Uhlenbrock, S. (2016). Pure and Hybrid Mice with Finitely Many Woodin Cardinals from Levels of Determinacy [PhD thesis]. WWU Münster.
Mice are sufficiently iterable canonical models of set theory. Martin and Steel showed in the 1980s that for every natural number $n$ the existence of $n$ Woodin cardinals with a measurable cardinal above them all implies that boldface $\boldsymbol\Pi^1_{n+1}$ determinacy holds, where $\boldsymbol\Pi^1_{n+1}$ is a pointclass in the projective hierarchy. Neeman and Woodin later proved an exact correspondence between mice and projective determinacy. They showed that boldface $\boldsymbol\Pi^1_{n+1}$ determinacy is equivalent to the fact that the mouse $M_n^\sharp(x)$ exists and is $\omega_1$-iterable for all reals x.
We prove one implication of this result, that is boldface $\boldsymbol\Pi^1_{n+1}$ determinacy implies that $M_n^\sharp(x)$ exists and is $\omega_1$-iterable for all reals $x$, which is an old, so far unpublished result by W. Hugh Woodin. As a consequence, we can obtain the determinacy transfer theorem for all levels $n$.

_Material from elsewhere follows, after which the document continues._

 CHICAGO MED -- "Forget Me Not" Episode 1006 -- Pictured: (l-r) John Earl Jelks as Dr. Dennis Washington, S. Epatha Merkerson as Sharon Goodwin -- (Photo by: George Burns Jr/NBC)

Following this, we will consider pointclasses in the $L(\mathbb{R})$-hierarchy and show that determinacy for them implies the existence and $\omega_1$-iterability of certain hybrid mice with finitely many Woodin cardinals, which we call $M_k^{\Sigma, \sharp}$. These hybrid mice are like ordinary mice, but equipped with an iteration strategy for a mouse they are containing, and they naturally appear in the core model induction technique.